__Try it__. Set every entry below down once more, exactly as it stands, without images.

__Given data__.
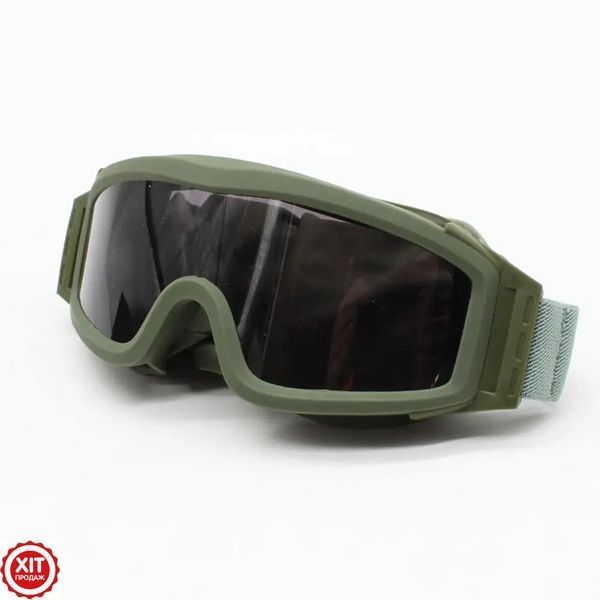 Тактичні окуляри зі змінними лінзами + Подарунок Ремінь Tactical Belt 145 см / Панорамні окуляри для ЗСУ  0234574063 фото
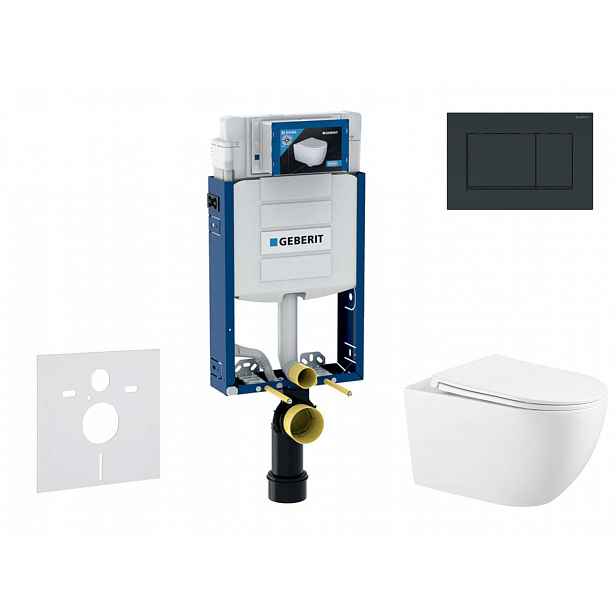 Geberit Kombifix - Set předstěnové instalace, klozetu Gaia a sedátka softclose, tlačítko Sigma20, černá lesk/černá mat SANI15CA5119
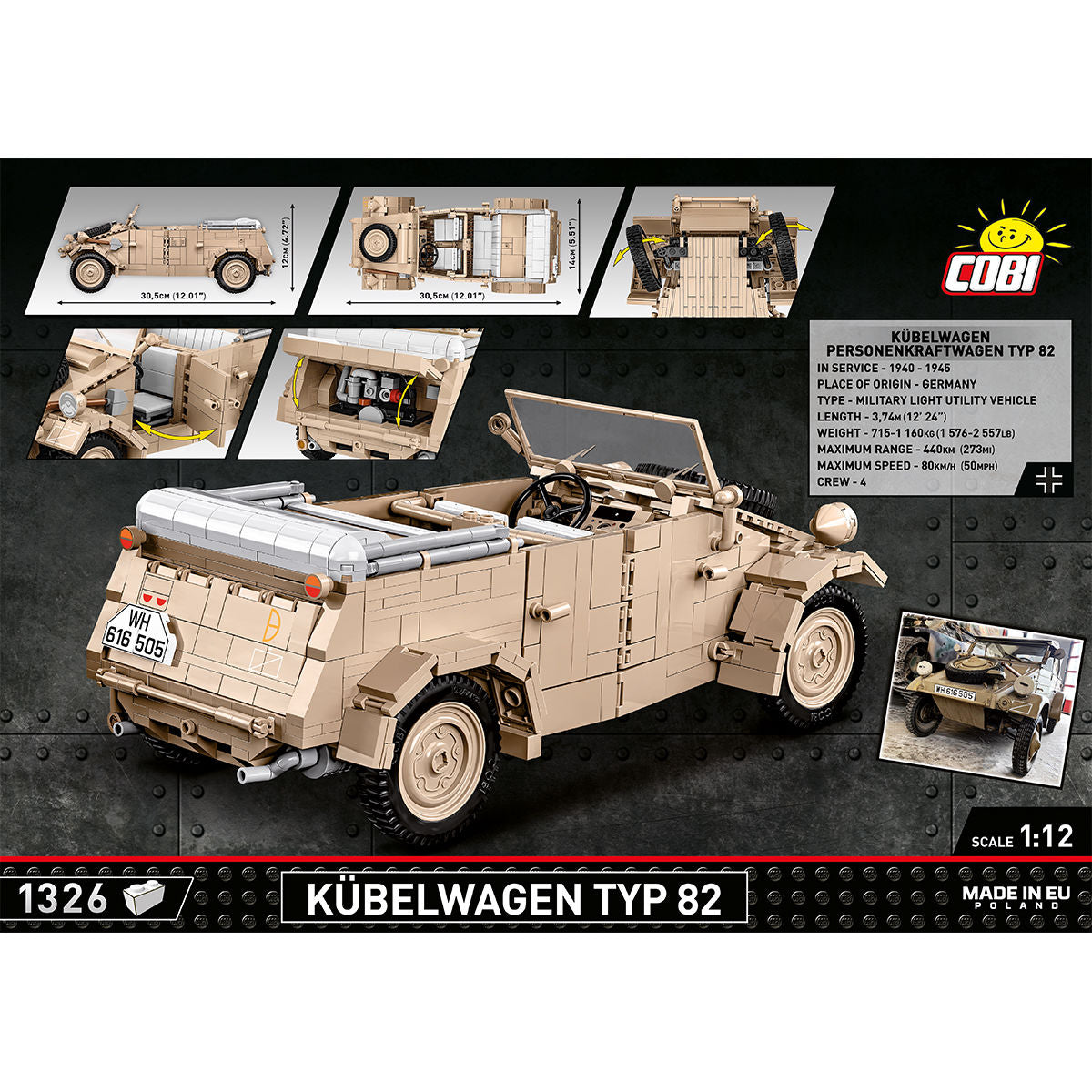 Vehículo utilitario COBI Kübelwagen TYP 82 (1:12): Set #2803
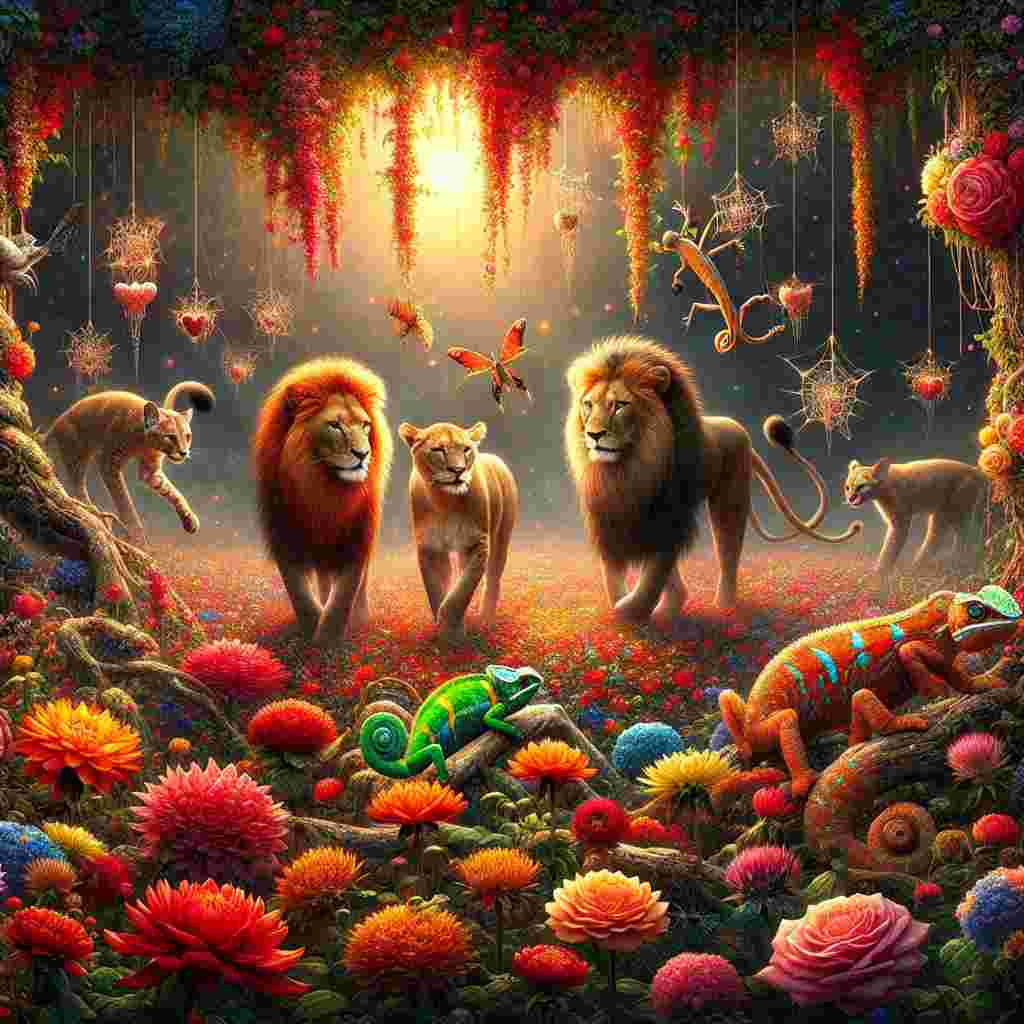 Imagine a whimsical garden filled with a vibrant tapestry of red, orange, yellow, and blue flowers, the perfect setting for a Valentine's Day rendezvous. Amidst the lush foliage, two majestic lions, their manes tinged with warm colors synonymous with love, stroll side by side. A chameleon, shifting colors to blend with the romantic ambiance, perches discreetly on a nearby branch. Glittering in the soft light are delicate webs where spiders busily weave heart-shaped patterns. Adding a touch of wild grace, an elusive serval can be seen leaping in the background. This scene forms a captivating tableau representative of Valentine's enigma.
Generated with these themes: Red orange yellow blue, Lion, Garden, Chameleon, Spider, and Serval.
Made with ❤️ by AI.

__Answer box__.
 Тактичні окуляри зі змінними лінзами + Подарунок Ремінь Tactical Belt 145 см / Панорамні окуляри для ЗСУ  0234574063 фото
 Geberit Kombifix - Set předstěnové instalace, klozetu Gaia a sedátka softclose, tlačítko Sigma20, černá lesk/černá mat SANI15CA5119
 Vehículo utilitario COBI Kübelwagen TYP 82 (1:12): Set #2803
 Imagine a whimsical garden filled with a vibrant tapestry of red, orange, yellow, and blue flowers, the perfect setting for a Valentine's Day rendezvous. Amidst the lush foliage, two majestic lions, their manes tinged with warm colors synonymous with love, stroll side by side. A chameleon, shifting colors to blend with the romantic ambiance, perches discreetly on a nearby branch. Glittering in the soft light are delicate webs where spiders busily weave heart-shaped patterns. Adding a touch of wild grace, an elusive serval can be seen leaping in the background. This scene forms a captivating tableau representative of Valentine's enigma.
Generated with these themes: Red orange yellow blue, Lion, Garden, Chameleon, Spider, and Serval.
Made with ❤️ by AI.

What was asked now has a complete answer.